Major League Baseball is set to pay $185MM to settle the class action lawsuit brought by minor league players nearly a decade ago, as Jeff Passan of ESPN was first to report. Evan Drellich of the Athletic adds (Twitter link) that the league will lift any “contractual prohibitions against (teams) paying minor league players wages” for work outside of regular season play. The agreement is pending final approval from the court.
It’s the culmination of a suit first filed in 2014. Among other aspects of minor league pay, the litigation was concerned with the process of unpaid spring training. MLB came under public fire for arguing for players to remind unpaid for Spring Training as recently as February. That proved unsuccessful, however. The following month, the trial court rejected the league’s argument that minor leaguers were seasonal employees exempted from minimum wage laws.
The case was set for trial on June 1, but the parties came to a settlement agreement in mid-May. Terms were unreported at the time, but the league has apparently agreed to dole out $185MM in backpay. Passan notes that more than $120MM of that figure will be distributed among the class of players involved (with the rest presumably going to court costs and attorneys fees). One of the plaintiffs’ attorneys, former minor leaguer Garrett Broshuis, tells Drellich more than 20,000 players are expected to share those funds.
“This settlement is a monumental step for minor league players toward a fair and just compensation system,” Broshuis said (via Passan). “As a former minor league baseball player, I’ve seen first-hand the financial struggle players face while earning poverty-level wages — or no wages at all — in pursuit of their major league dream.
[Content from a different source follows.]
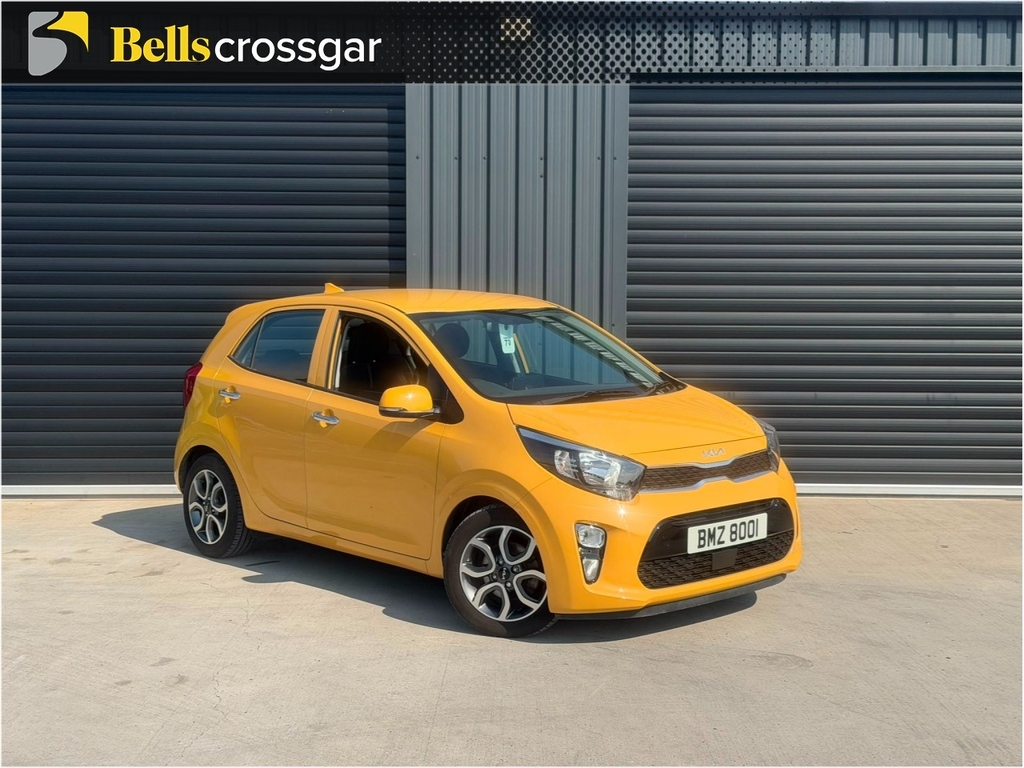 Kia Picanto 1.0 3 4 Seats Yellow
For the better part of a decade, it has been my honor to help lead this fight and to shine a light on the unfair labor practices that have long plagued America’s pastime.”
MLB released a statement of its own. “We are only in the second year of a major overhaul of the 100-year-old player development system and have made great strides to improve the quality of life for minor league players,” a league spokesperson told Passan, referencing a 2021 uptick in minor league salaries and this season’s requirement for teams to provide housing to players. “We are proud that minor league players already receive significant benefits, including free housing, quality health care, multiple meals per day, college tuition assistance for those who wish to continue their education and over $450 million in annual signing bonuses for first-year players. We are pleased we were able to come to a mutually agreeable resolution but are unable to comment on the details until the agreement is formally approved by the Court.”
The proposed lifting of the ban on payment outside of regular season play, meanwhile, has the potential to impact countless of players moving forward. Whether and how many teams will begin to pay minor leaguers for things like Spring Training and instructional league is unclear. Nevertheless, the removal of the ban has to be viewed as a win for groups fighting for better pay for minor leaguers, most of whom are not part of the Major League Baseball Players Association and do not have a union of their own.